Personal information
- Full name: George Atanassov
- Date of birth: March 6, 2004 (age 22)
- Place of birth: Toronto, Ontario, Canada
- Height: 1.80 m (5 ft 11 in)
- Position: Winger

Team information
- Current team: Fratria
- Number: 22

Youth career
- 0000–2017: Arda Kardzhali
- 2017–2021: Levski Sofia

Senior career*
- Years: Team / Apps / (Gls)
- 2021–2023: Arda Kardzhali / 20 / (0)
- 2022: → Sportist Svoge (loan) / 11 / (0)
- 2023–2024: Levski Sofia II / 19 / (4)
- 2025: Lovech / 17 / (0)
- 2025: Sportist Svoge / 16 / (1)
- 2026–: Fratria / 21 / (3)

International career^{‡}
- 2020: Bulgaria U17 / 2 / (0)
- 2022: Bulgaria U19 / 5 / (1)

= Georgi Atanasov (footballer) =

Bulgarian footballer

Georgi Atanasov (Bulgarian: Георги Атанасов; born 6 March 2004) is a professional footballer who plays for Fratria.
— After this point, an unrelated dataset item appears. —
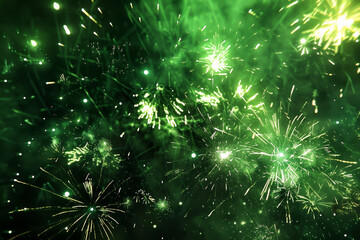 Wall Mural - A green and white fireworks display with many green and white fireworks
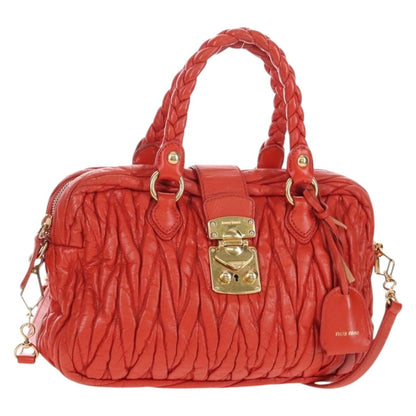Miu Miu Coffer Convertible Satchel Matelasse Leather Medium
Born in Canada, he represents Bulgaria at youth international level.

==Career==
===Club===
In January 2021, Atanasov left the youth side of Levski Sofia and signed a first team contract with Arda Kardzhali. He made his professional debut on February 27 as a substitute for Rumen Rumenov in a 3–2 defeat to Slavia Sofia. In July 2022 Atanasov was loaned to Second League side Sportist Svoge.

===International===
Eligible for Canada and Bulgaria, Atanasov has represented the latter at youth level.

In May 2022 Atanasov was named to the 60-man provisional Canadian U-20 team for the 2022 CONCACAF U-20 Championship.